Orthopedic Specialists, Inc. v. Great Atlantic & Pacific Tea Co.

388 A.2d 352, 120 R.I. 378, 1978 R.I. LEXIS 688
CourtSupreme Court of Rhode Island
DecidedJune 30, 1978
Docket76-376-Appeal
StatusPublished
Cited by26 cases

This text of 388 A.2d 352 (Orthopedic Specialists, Inc. v. Great Atlantic & Pacific Tea Co.) is published on Counsel Stack Legal Research, covering Supreme Court of Rhode Island primary law. Counsel Stack provides free access to over 12 million legal documents including statutes, case law, regulations, and constitutions.

Bluebook
Orthopedic Specialists, Inc. v. Great Atlantic & Pacific Tea Co., 388 A.2d 352, 120 R.I. 378, 1978 R.I. LEXIS 688 (R.I. 1978).

Opinion

*379 Bevilacqua, C.J.

This is an appeal by the plaintiff, a professional medical corporation named Orthopedic Specialists, Inc., from a decree of the full Workmen’s Compensation *380 Commission denying the plaintiff s claim under the Workmen’s Compensation Act, G.L. 1956 (1968 Reenactment) §28-35-32 for counsel and witness fees incurred by the plaintiff in successfully prosecuting its petition under §28-33-8 of the Act for payment for reasonable medical services rendered to an injured employee of the defendant employer, The Great Atlantic & Pacific Tea Co., Inc.

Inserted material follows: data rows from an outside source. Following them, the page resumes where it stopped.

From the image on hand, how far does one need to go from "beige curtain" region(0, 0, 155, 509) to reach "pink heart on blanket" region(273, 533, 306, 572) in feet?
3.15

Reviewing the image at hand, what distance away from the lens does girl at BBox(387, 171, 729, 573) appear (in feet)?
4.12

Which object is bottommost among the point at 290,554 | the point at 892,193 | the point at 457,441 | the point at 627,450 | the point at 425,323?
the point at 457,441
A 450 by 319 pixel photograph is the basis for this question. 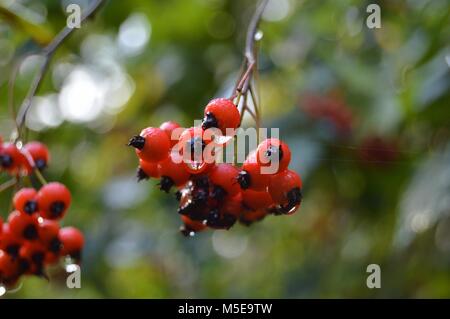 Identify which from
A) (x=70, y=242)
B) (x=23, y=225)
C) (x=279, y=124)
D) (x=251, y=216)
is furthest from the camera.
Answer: (x=279, y=124)

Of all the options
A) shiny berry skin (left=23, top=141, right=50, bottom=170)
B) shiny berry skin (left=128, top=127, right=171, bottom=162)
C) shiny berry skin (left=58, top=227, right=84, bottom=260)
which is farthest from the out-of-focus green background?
shiny berry skin (left=128, top=127, right=171, bottom=162)

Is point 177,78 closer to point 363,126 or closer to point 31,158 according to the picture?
point 363,126

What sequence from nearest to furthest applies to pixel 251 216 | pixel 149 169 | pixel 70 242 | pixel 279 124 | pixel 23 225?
pixel 149 169, pixel 251 216, pixel 23 225, pixel 70 242, pixel 279 124

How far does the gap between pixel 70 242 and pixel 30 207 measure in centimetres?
25

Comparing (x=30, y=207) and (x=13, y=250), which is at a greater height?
(x=30, y=207)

On April 30, 1969, Sharon A. Lewis, an employee of defendant, sustained various disabling back and leg injuries when, in the course of her employment, she slipped on a strawberry and fell to the floor. Subsequently an agreement was entered between Lewis and defendant, through its insurer, by which the latter agreed to pay compensation to the former for her injuries and to provide for all reasonable hospital and medical bills.

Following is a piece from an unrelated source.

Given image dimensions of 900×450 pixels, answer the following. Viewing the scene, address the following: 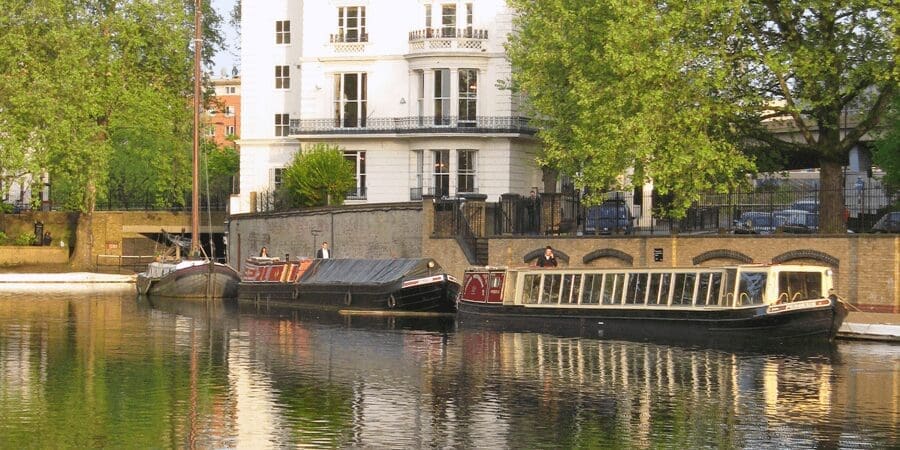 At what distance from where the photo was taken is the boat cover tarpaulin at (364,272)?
156 ft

On March 25, 1975, Dr. Manoel Falcao, assisted by Dr. Louis Fuchs, an employee of plaintiff, performed a spinal fusion on Lewis that was necessary to relieve adverse effects of the work-related injury. In accordance with the agreement between Lewis and defendant, plaintiff submitted a bill to defendant’s insurer in the amount of $200 for services rendered during the operation by Dr. Fuchs. The defendant’s insurer refused to pay the full amount of the bill, offering instead $187.50 as its estimate of a fair and reasonable fee under the circumstances. Thus this proceeding arose out of a dispute over $12.50 worth of medical services.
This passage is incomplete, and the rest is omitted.